Den, den ich wirklich liebe und mit dem ich zusammen sein will.
Eigentlich will ich gar nicht mit dir zusammen sein. Vielleicht
würden wir zueinander passen. Aber du willst nichts Ernstes, hattest
nie eine Beziehung. Das würde zwischen uns nicht funktionieren. Und
eigentlich kenne ich dich doch gar nicht so gut. Und wenn wir uns
beide richtig kennenlernen würden, all unsere Abgründe offenbaren
würden, ich glaube nicht, dass wir uns so lieben könnten.
Freundschaft
mit Anziehung klappt nicht
Und
wenn ich eins gelernt habe, dann das: Man kann schwer mit jemanden
nur befreundet sein, mit dem man etwas hatte. Und in den man verliebt
war oder ist. Es ist nicht unmöglich, aber verdammt schwer. Das kann
auf lange Sicht nicht gut gehen. Einer von den beiden wird sich neu
verlieben und einen anderen Partner haben.
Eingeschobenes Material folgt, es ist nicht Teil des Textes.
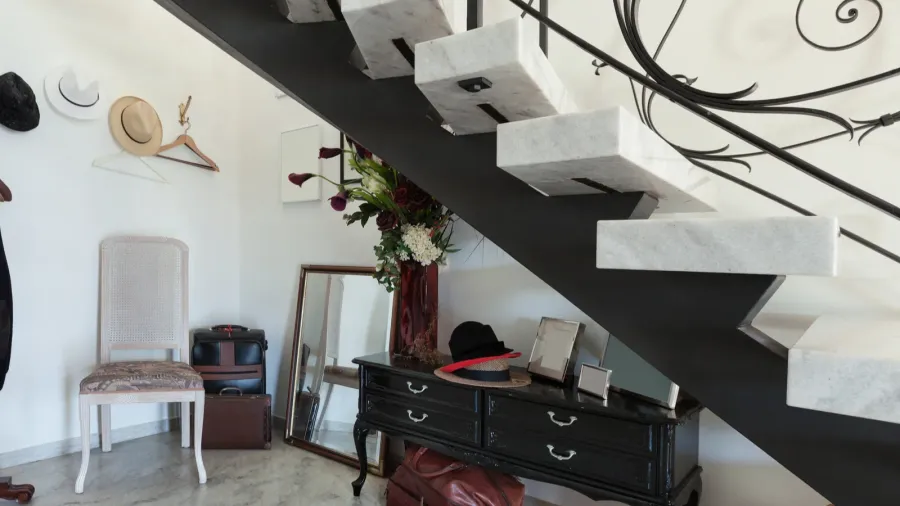 An interior staircase with a black metal frame and white steps, located next to a white wall with minimal decor.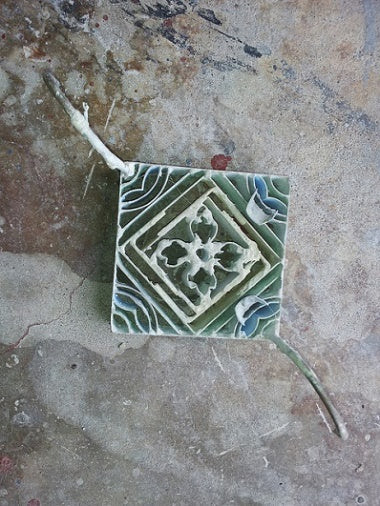 A cement tile mold acts as a blank canvas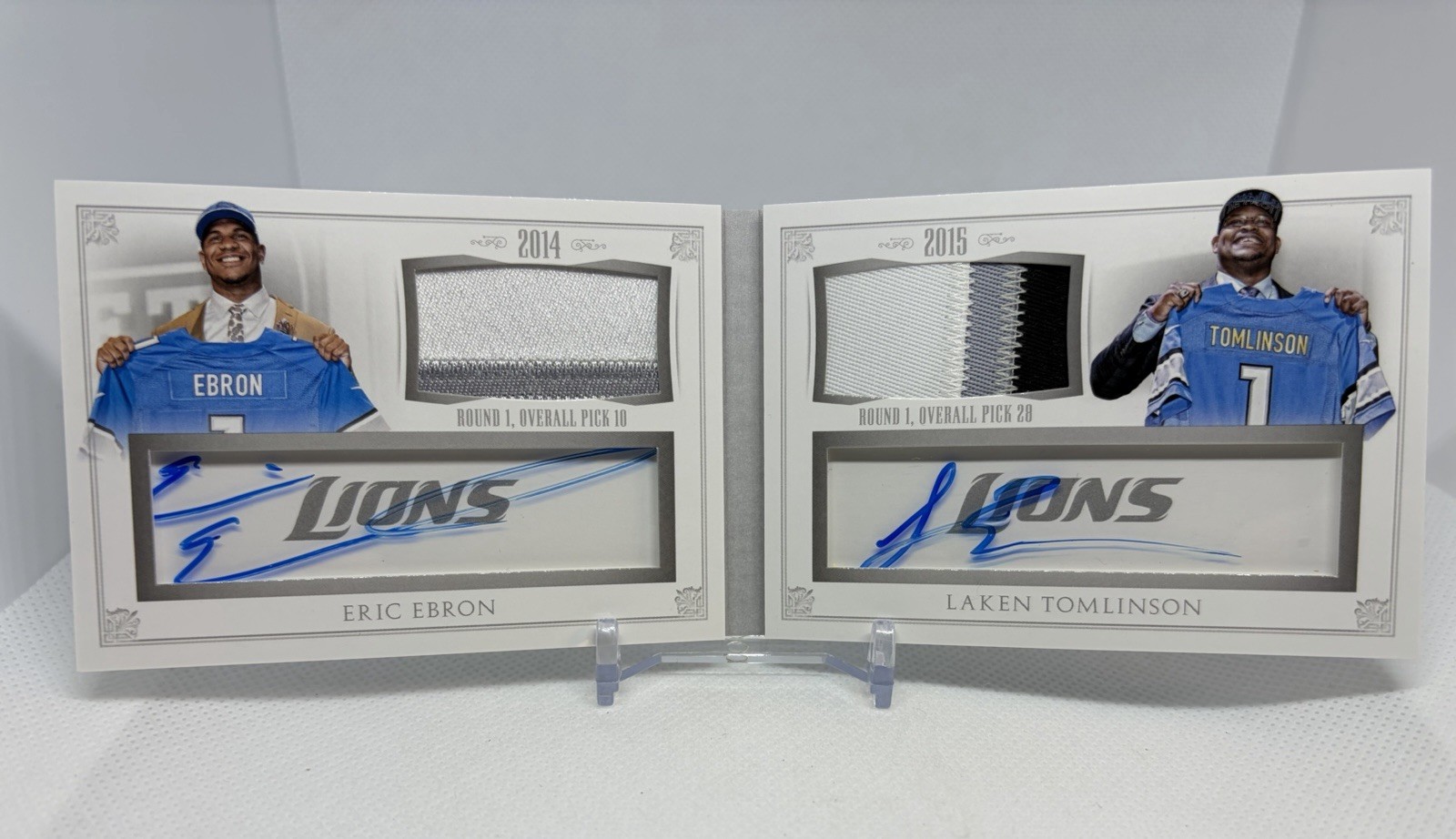 ERIC EBRON / LAKEN TOMLINSON 2015 National Treasures RC AUTO BOOKLET Lions /10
Und dann ist einer immer
der Angearschte und Unglückliche.
Was
hatte ich mir auch von dieser Freundschaft erhofft? Ich bin selbst
dran schuld. Ich hatte diese Freundschaft Plus Sache zwischen uns
beendet, wollte nur Freunde bleiben. Und doch wollte ich mehr. Warum
freute ich mich so viel mehr, dich zu sehen, als alle meine anderen
Freunde? Ich liebe dieses Verliebtsein, es ist ein schönes Gefühl.
Aber es muss aufhören. Ich muss loslassen. Sonst können wir keine Freunde mehr sein. Vielleicht können wir uns eines Tages wiedersehen und es wird alles wie vorher. Einfach nur ganz normale Freunde sein.